Dean felt a stab of sadness. "Don't grow up too quick, little brother," he murmured. But when they stepped outside, Bobby and Ellen saying their farewells, the sunset seemed to have a little more color in it than the day before.
Motel 6, Sioux Falls was actually better than some other places they usually stayed in- which meant it was still surprisingly terrible. The wallpapers were of a garish yellow color, the beds hard and lumpy, and the bathroom has obviously seen better days.
The stay didn't include dinner, so the Winchesters brought some burgers and salad in the drive-through along the way ("Back to the junk food," Sam announced- not too happy- while Dean dug in like a starved wolf). None of them felt like sleeping, and after a few attempts at conversation failed, they both retreated to their own doings: Dean was absent-mindedly cleaning the guns while his brother thumbed through one of the books he borrowed at Bobby's.
The place actually had a television set, and the older Winchester turned it on after the silence became unbearable, his fears growing again as midnight drew closer; but for now, everything seemed peaceful- too peaceful, his father's voice whispered in his ear. Tread carefully; the stakes are far too high to screw up this time.

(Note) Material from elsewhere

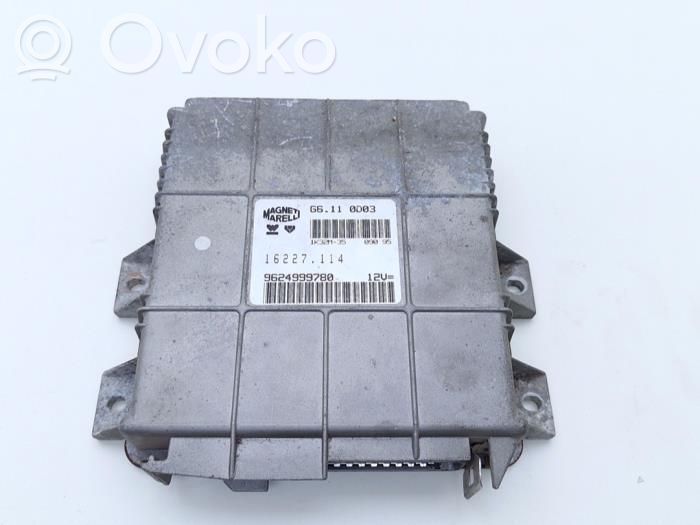 Peugeot 106 Engine control unit/module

When Sam's emergency phone rang, they were finally preparing to call it a day. The younger hunter, who just flopped down into the bed a minute ago, sat up with a groan and picked it up.
"Yeah?"
Dean stepped out of the bathroom pulling on his pajamas with a questioning glance, but stopped short of opening his mouth- his brother's face was pale and worried.
"Grab a pen," the younger Winchester told him seriously. "Bobby got us a case."